SYCAMORE – The DeKalb County Economic Development Committee voted unanimously to approve two recommendations to improve future business within the county.
The committee first voted on a boundary amendment to add 500 acres south of Gurler Road and between Illinois 23 and to extend the property line east of Peace Road.
“It would be annexed to the city of DeKalb to provide for utilities and an upgrade of Gurler Road,” according to a memorandum from Paul Borek, executive director for the DeKalb County Economic Development Corp., to the DeKalb County Enterprise Zone Partners.
Borek explained the purpose of the extra acreage.
“It provides a large site for an extraordinarily large project in the enterprise zone,” he said.
Borek said DeKalb County is at a disadvantage without multiple large sites to attract those projects.

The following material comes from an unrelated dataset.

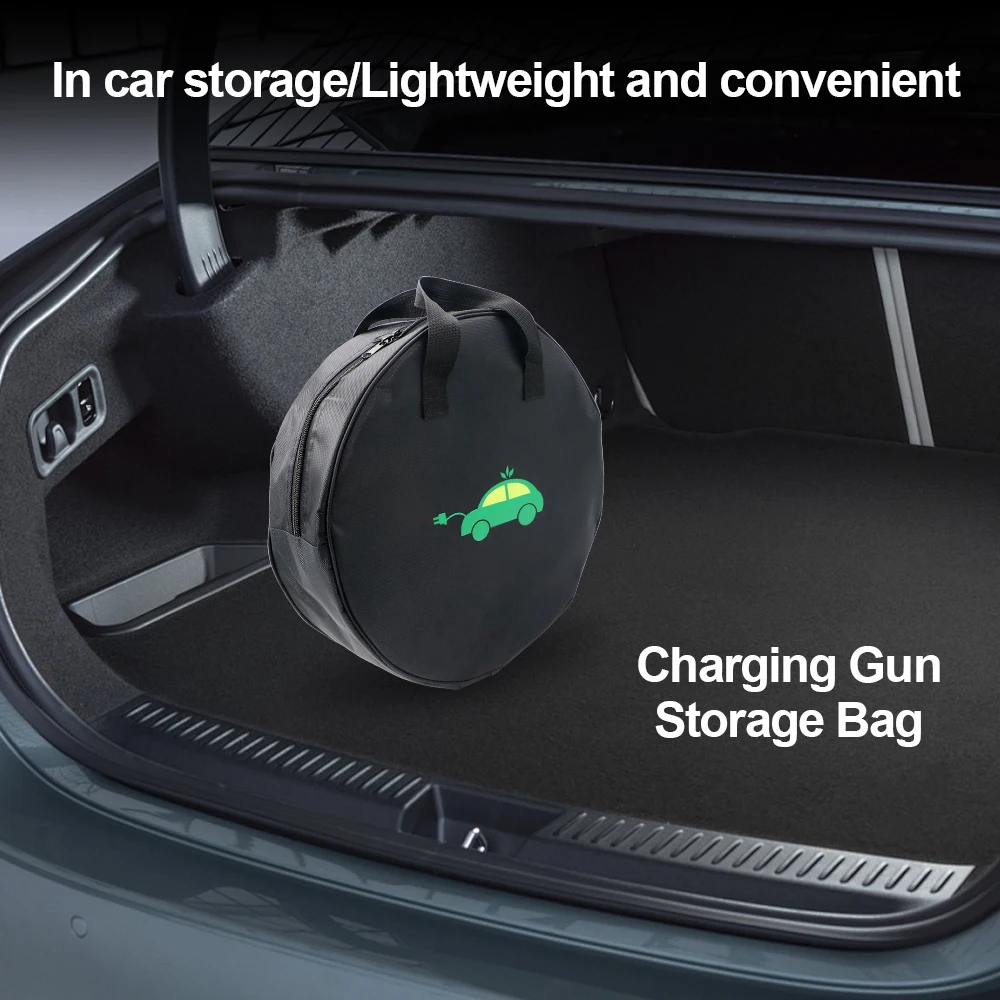 Durable Round Car Charge Cable - Car Cable Organizer recension och pris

One of the projects that is in DeKalb County and the city of DeKalb’s reach is Project Hammer – a food-processing company that could develop 2.4 million square feet of new building space, 1.4 million square feet of which would be manufacturing, with room for expansion, according to the memorandum. Project Hammer would create an estimated 1,000 permanent jobs and 1,000 temporary construction jobs.
The other project is Project Ventus, which is proposing to invest $800 million to develop 900,000 square feet of space during its first phase, the memorandum states. The project would buy a 500-acre site that enables development of one or more identical phases during the next five to 15 years.
The second recommendation that the DeKalb County Economic Development Committee approved was an incentive amendment for the DeKalb Enterprise Zone Tax Abatement program.
Borek said it reduces property tax liability for a certain amount of time, provides jobs, construction, investment and tax revenue.
Project Hammer would generate about $69 million or more through 15 years, which would nearly match the revenue from DeKalb’s industrial base of Nestle, Panduit, 3M, Goodyear and Target during the 15-year period.
And there is a clawback measure to ensure that whatever is agreed to happens, such as about 1,000 permanent jobs, Borek said.
“We need provisions to ensure performance,” he said.
Borek said the identity of the Project Hammer company won’t be announced until the company makes an announcement.